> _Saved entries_

▼▼▼

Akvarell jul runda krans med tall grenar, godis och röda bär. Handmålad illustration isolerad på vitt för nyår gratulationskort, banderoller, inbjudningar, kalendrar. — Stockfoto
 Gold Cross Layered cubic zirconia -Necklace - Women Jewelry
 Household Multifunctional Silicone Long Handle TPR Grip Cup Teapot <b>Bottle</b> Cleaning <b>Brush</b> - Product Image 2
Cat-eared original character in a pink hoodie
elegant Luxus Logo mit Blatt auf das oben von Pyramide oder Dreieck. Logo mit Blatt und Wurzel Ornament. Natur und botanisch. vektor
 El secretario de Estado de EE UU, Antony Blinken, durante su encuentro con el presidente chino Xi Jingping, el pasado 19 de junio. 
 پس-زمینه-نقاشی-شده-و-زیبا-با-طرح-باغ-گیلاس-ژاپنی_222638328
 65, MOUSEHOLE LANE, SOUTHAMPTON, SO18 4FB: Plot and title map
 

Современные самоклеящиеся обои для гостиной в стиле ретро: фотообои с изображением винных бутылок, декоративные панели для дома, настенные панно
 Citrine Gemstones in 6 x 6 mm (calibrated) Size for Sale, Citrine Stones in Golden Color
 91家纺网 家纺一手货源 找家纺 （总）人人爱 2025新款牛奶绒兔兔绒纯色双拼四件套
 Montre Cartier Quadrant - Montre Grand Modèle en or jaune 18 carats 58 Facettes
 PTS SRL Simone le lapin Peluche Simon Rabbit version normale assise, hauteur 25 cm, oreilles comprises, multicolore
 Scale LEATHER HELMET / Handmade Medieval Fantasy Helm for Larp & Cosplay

▲▲▲

> _Exercise_
The lines above, starting at the one with "پس-زمینه-نقاشی" and ending at the one with "Современные самоклеящиеся обои", are the only ones to return, exactly as written.

> _Task answer_
 پس-زمینه-نقاشی-شده-و-زیبا-با-طرح-باغ-گیلاس-ژاپنی_222638328
 65, MOUSEHOLE LANE, SOUTHAMPTON, SO18 4FB: Plot and title map
 

Современные самоклеящиеся обои для гостиной в стиле ретро: фотообои с изображением винных бутылок, декоративные панели для дома, настенные панно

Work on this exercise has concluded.